Demi Amanah
Tradisi Salaf
Bila datang
hari Kamis petang, Anda akan menyaksikan suasana di sekitar pemakaman Keramat
Empang Bogor yang disesaki ribuan jama’ah. Saat ini, Habib Abdullah-lah yang
mengasuh majelis peninggalan Habib Husein tersebut.
Habib
Abdullah, putra ter-tua Habib Husein (lihat Manaqib), menerima kedatangan
alKisah dengan penuh kehangatan. Wajahnya teduh, cara bertuturnya amat
santun, logatnya terasa sekali Sunda-nya. Sesekali obrolan kami diselingi tawa
canda yang semakin mencairkan suasana. Meski baru pertama kali berjumpa,
rasanya seperti sudah mengenal lama.
Demikian
sosok Habib Abdullah bin Husein bin Abdullah bin Muhsin Al-Attas, yang saat ini
dipercaya mengemban amanah sebagai munshib, atau pemimpin, dalam kepengurusan
di lingkungan makam kakeknya, Habib Abdullah bin Muhsin Al-Attas, ”Habib
Keramat Empang Bogor”.
Terkadang
orang menyebutnya sebagai khalifah Keramat Empang Bogor. Tentunya, makna
khalifah di sini tidak dalam pengertian kekhilafahan umat Islam. Khalifah di
sini bermakna ”pengganti”, maksudnya, Habib Abdullah-lah saat ini yang tengah
mengemban amanah berat untuk menggantikan posisi munshib sebelumnya, yaitu
Habib Abdullah bin Zen Al-Attas, yang wafat setahun silam.
Manshabah
(kemunshiban) di sini adalah amanah otoritas dalam mengurus hal-ihwal di
lingkungan makam Habib Abdullah bin Muhsin Al-Attas berikut segala
peninggalannya.
Wasiat
Shahibul Maqam
Sepeninggal
Habib Abdullah bin Zen Al-Attas, munshib Keramat Empang Bogor sebelumnya,
Habib Abdullah bin Husein Al-Attas ditunjuk menjadi khalifahnya. Penunjukan
ini tak lepas dari wasiat Habib Abdullah bin Muhsin.
Sebelum
wafat, Habib Abdullah bin Muhsin mewasiatkan pola penggantian kepemimpinan
yang agak berbeda dengan kebiasaan di tempat-tempat lainnya. Bila di
tempat-tempat lainnya, biasanya pola kepemimpinan adalah dari kakek ke ayah
kemudian ke anak, lalu ke cucu, terus ke cicit, dan demikian seterusnya.

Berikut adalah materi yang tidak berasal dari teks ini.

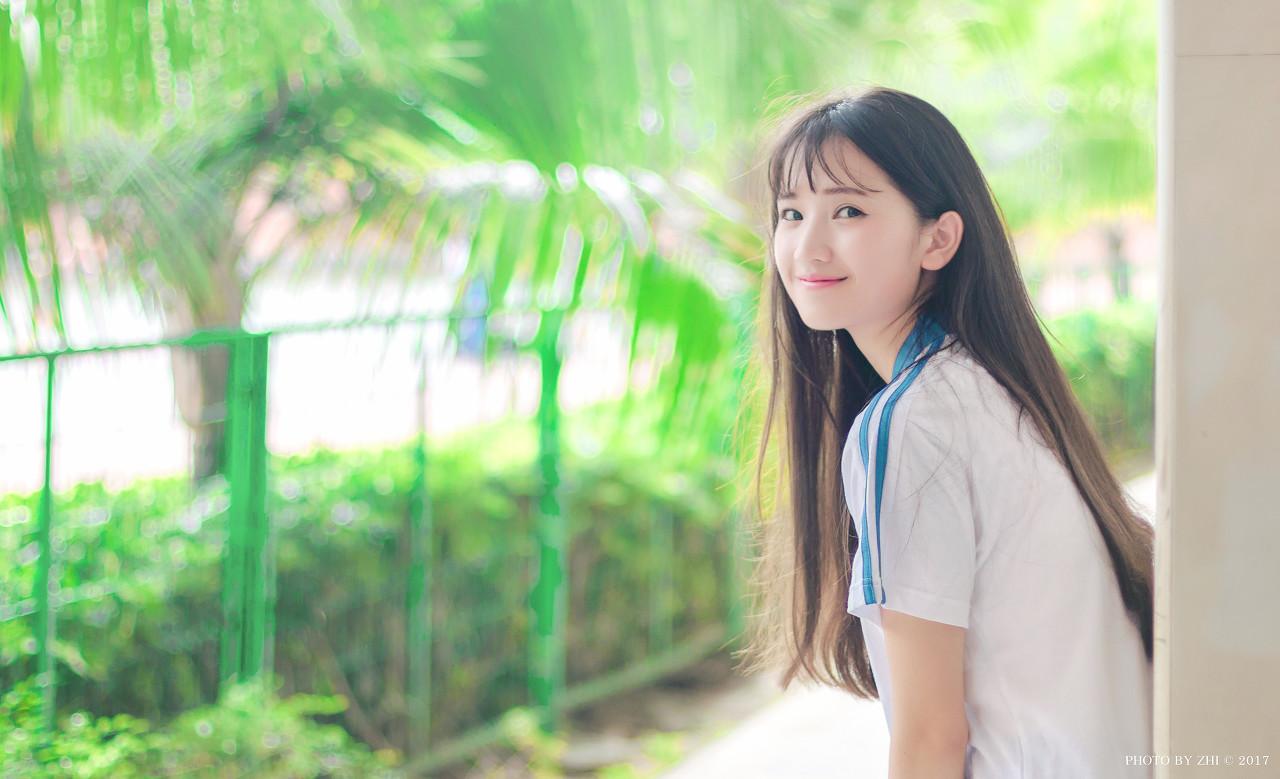 小说：美女身中剧毒，穷小子连忙褪去衣物抢救，她大怒：你想干啥(图1)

Namun sesuai amanat tertulis dari Habib Abdullah bin Muhsin, yang tercantum
dalam akta notaris yang ditandatangani oleh notaris Belanda bernama Thomas,
kepemimpinan yang akan meneruskan estafet dakwahnya dimulai dari putra
tertuanya, berlanjut kepada putra tertua berikutnya, hingga putra terakhir yang
masih ada.
Kalau
putra-putranya sudah wafat semuanya, kepemimpinan dilanjutkan pada generasi
cucu Habib Abdullah, yaitu pada cucu tertua, yang, kalau sudah wafat,
kepemimpinan diserahkan pada cucu tertua berikutnya.
Demi
menjalankan amanah yang digariskan Habib Abdullah bin Muhsin sendiri, selama
ini pergantian manshabah berjalan dengan mulus. Saat ini, giliran Habib
Abdullah bin Husein Al-Attas-lah, sebagai cucu Habib Abdullah bin Muhsin, yang
mengemban amanah memegang manshabah tersebut.
Tak Boleh
Keluar Rumah
Sosok Habib
Abdullah bin Husein memang sosok yang amat bersahaja. Seperti halnya para
munshib sebelumnya, sehari-hari Habib Abdullah berpakaian sederhana. Hanya pada
acara-acara besar ia memakai jubah dan imamah.
Habib
Abdullah, semasa mudanya, lebih mendalami pendidikan umum, bahkan sampai ia
berhasil menggondol gelar sarjana. Namun demikian, ”Saya rasakan, ternyata
pendidikan agama memang lebih bermanfaat untuk kehidupan kita semua. Pendidikan
umum tetap penting, tapi pendidikan agama tetap lebih penting. Ini yang saya
rasakan sekarang. Yang ideal, tentunya kalau seseorang dapat memiliki
pengetahuan mendalam baik pada pendidikan umum maupun pendidikan agamanya,”
ujar Habib Abdullah.
Di masa
kecil, Habib Abdullah merasakan masa-masa indah selama ia dalam didikan dan
asuhan ayahandanya, Habib Husein bin Abdullah bin Muhsin Al-Attas. Di matanya,
sang ayah adalah sosok orangtua sekaligus sahabat. Ayahnya tak pernah
memaksakan kehendaknya sendiri, sebagai pertanda sikap bijak seorangtua. Semua
anaknya diberi kebebasan pada bidang keilmuan yang disukainya.
Habib
Abdullah juga merasakan kehangatan hubungan saat ayahnya masih hidup. ”Kepada
anak-anak, Abah sering mengajak bergurau. Beliau memang seorang yang senang
bergurau, bahkan di tengah keluarga. Kami semua merasa segan kepadanya, tapi
tak merasa sungkan,” ujar Habib Abdullah mengenang sikap sang ayah di
tengah-tengah keluarganya.
Beranjak
dewasa, sebagaimana saudara-saudaranya yang lain, Habib Abdullah mengutarakan
keinginannya kepada sang ayah untuk dapat hidup mandiri dan tinggal di luar
lingkungan keluarga besar Habib Abdullah bin Muhsin Al-Attas. Tapi apa yang
dikatakan oleh Habib Husein saat itu?
”Tidak
perlu. Ente tidak perlu keluar dari rumah ini,” demikian kira-kira yang dikatakan
Habib Husein kepada anak laki-laki tertuanya ini.
Habib
Abdullah merasa keheranan dibuatnya. Kalau saudara-saudaranya yang lain
diperbolehkan, mengapa dirinya sendiri yang tidak boleh keluar rumah?
”Meski dalam
hati saya bertanya-tanya, saya tetap menuruti apa yang dikatakan Abah.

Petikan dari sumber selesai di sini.